Unutmayınız biz, her zaman ve her durumda kendimiz için en iyi olan seçeneği ortaya koyarız. İnsanlara da kendinize de kızmanıza gerek yok. Bize iyi davranmadıkları ya da daha iyi bir imkan sunmadıkları için hepimiz anne-babamıza kızmışızdır. Ama bilmelisiniz ki, onlar eğer daha iyi bir seçenek bulmuş olsalardı, şüphesiz onu gerçekleştireceklerdi.
Davranışlarını kontrol altına alan ve onları doğru değerlendiren birey, kendisiyle barışık olmanın adımını atmış demektir. Kendisiyle barışık olmak ve kaygılarından sıyrılmak isteyen bir öğrenci, “Keşke” siz bir hayata da adım atması gerekiyor. Yine o sihirli soruyu sorayım… Nasıl? Evet, “Keşke” siz bir hayat…
“Keşke” kelimesinden daha zararlı bir kelime/durum zarfı düşünemiyorum. İnsanın yaşama sevincini zedeleyen, insanın beyin hücrelerini tahrip eden ve insanın yaşam enerjisini tüketen bir başka
kelime var mı bilmiyorum. “Keşke” yi silin zihninizden ve literatürünüzden. “Keşke” siz bir hayata başlayın ama hemen.
Başarılı ve kaygıdan uzak bireylerin literatüründe böyle bir kavram yoktur, olmamalıdır.
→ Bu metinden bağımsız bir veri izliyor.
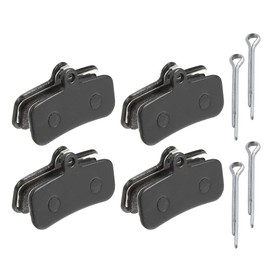 X AUTOHAUX 4 Pair Semi Metal Disc Bike Brake Pad W/Split Pin for SHIMANO Saint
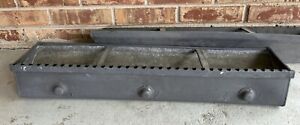 Antique Window Flower Boxes 1930 S House Architectural Salvage Galvanized Metal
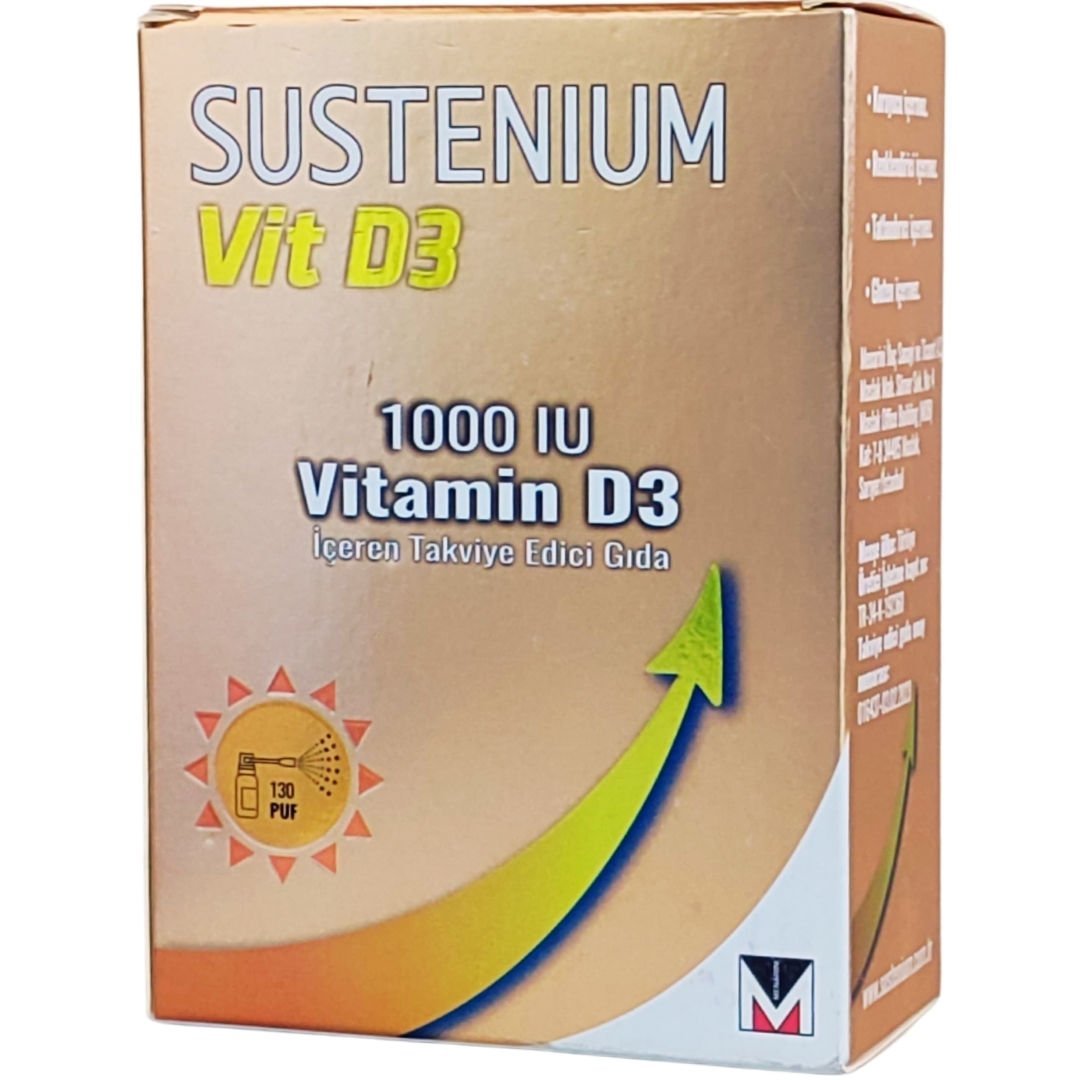 Sustenium Vitamin D3 1000IU Sprey 20ml 130 Puf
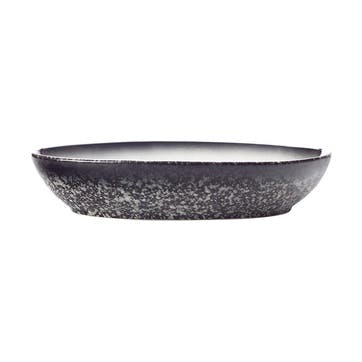Caviar Granite Porcelain Oval Serving Bowl 20 x 14cm, Grey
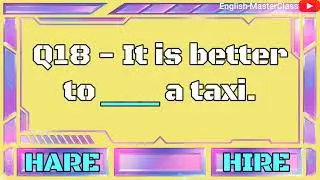 English Grammar Quiz: Vocabulary Exercises | English MasterClass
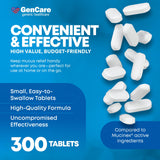 GenCare bouteille montrant les comprimés faciles à avaler.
Kendisiyle barışık öğrenciler, zamanlarını ve enerjilerini bu kavramla tüketmezler. Onlar güç ve yeteneklerinin farkındadırlar. imkanlarından haberdardırlar. Önündeki seçeneklere yönelerek, şikayet ve pişmanlıklarla boğuşmazlar. LGS / TYT/ AYT sınav sistemlerini ya da dünyayı değiştirmek yerine kendilerinde değişimler yaşama çabası içerisinde olur “Keşke” siz bir hayatı seçen öğrenci ve bireyler..
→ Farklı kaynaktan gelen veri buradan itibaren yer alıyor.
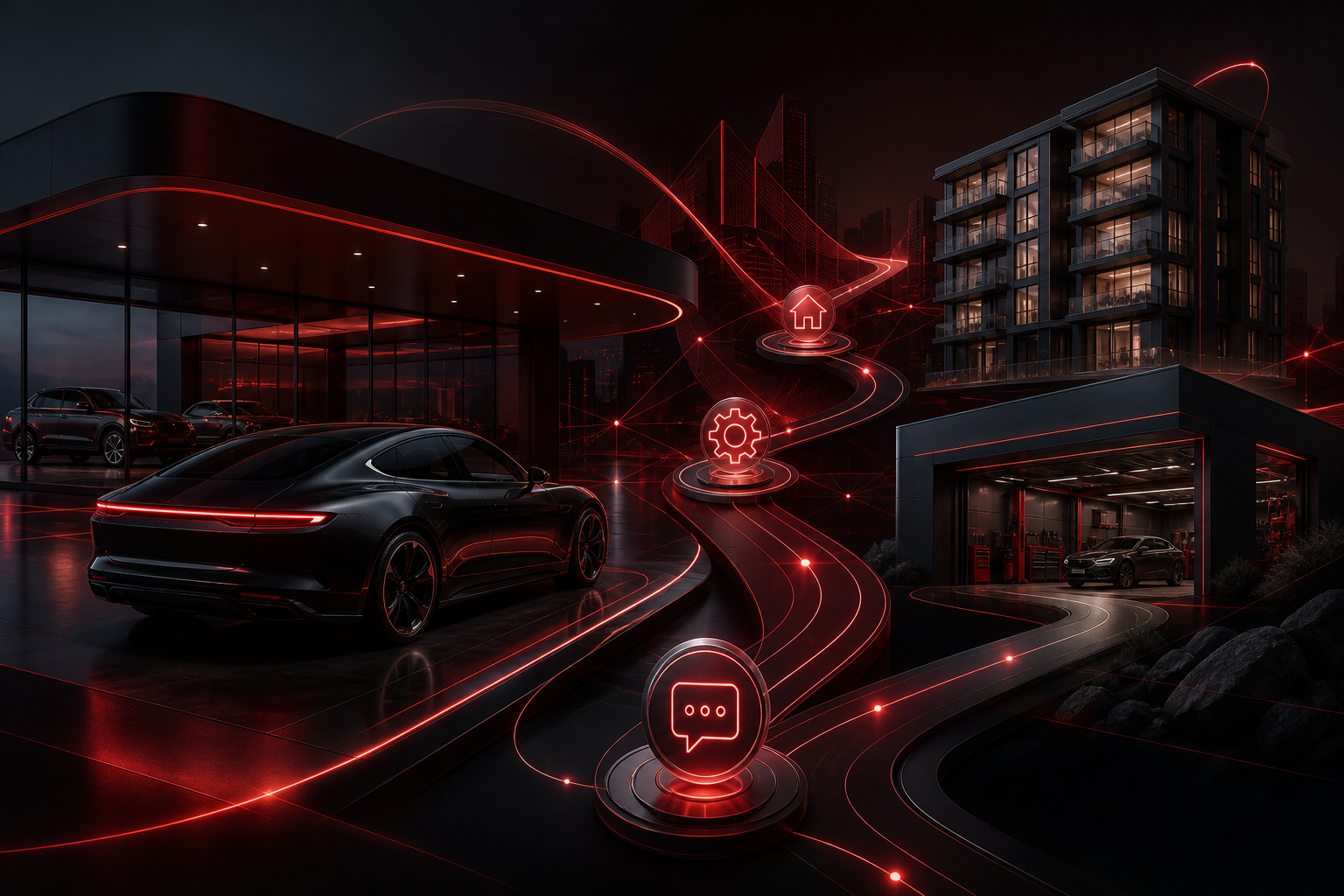 CodeFier editorial illustration for automotive property growth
“Keşke” siz bir hayatı seçen bireyler, hayata umutla bakarlar. “Keşke” siz bir hayata adım atan öğrenciler, sınav kaygısı yaşamaksızın, sadece okudukları sorulara odaklanırlar. Ne eksik bıraktıkları konulara üzülür ne de ileri ki sayfalarda kendisini bekleyen soruların zorluk derecelerine. Çünkü “Keşke” siz bir hayatı tercih eden öğrenciler ve veliler, elde ettikleri sonuçları değerlendirdikten sonra, beğenmeyecek olurlarsa yeni alternatiflere yönelmesini bilirler.
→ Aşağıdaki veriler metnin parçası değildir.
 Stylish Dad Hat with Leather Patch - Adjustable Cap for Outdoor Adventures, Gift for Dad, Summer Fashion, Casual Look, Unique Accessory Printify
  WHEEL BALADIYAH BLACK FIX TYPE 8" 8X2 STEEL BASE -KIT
Dilinizde, bilinçaltınızda ve hayatınızda ne kadar “keşke” varsa, hepsini Temel edasıyla dinamitleyin:
Yeni gelen vali, çevre köylerden birinde kan davası olduğunu öğrenir. Buna canı sıkılan vali çareler düşünür. Köyde adaleti sağlamak için Temel’i yanına çağırır. şöyle der:
“Bak temel, sen güçlü, akıllı, sözünü dinleten birisin.. Şu köydeki kan davasını bitirsen?”
“Temel, vali beyin iltifatlarına dayanamaz. Görevi kabul eder. Birkaç gün sonra valinin huzuruna gelmiş.”
“Sayın valim iş tamam.. Hepusinu vurdim.”
Seçeneklerinizin bol olduğu; önce kendinizle sonra tüm insanlarla ve yaratılmışlarla barış içerisinde bir ömür geçirmek sizin elinizde. Nasıl mı? Yunus edasıyla “Yaratılan, yaratandan ötürü hoş görün.”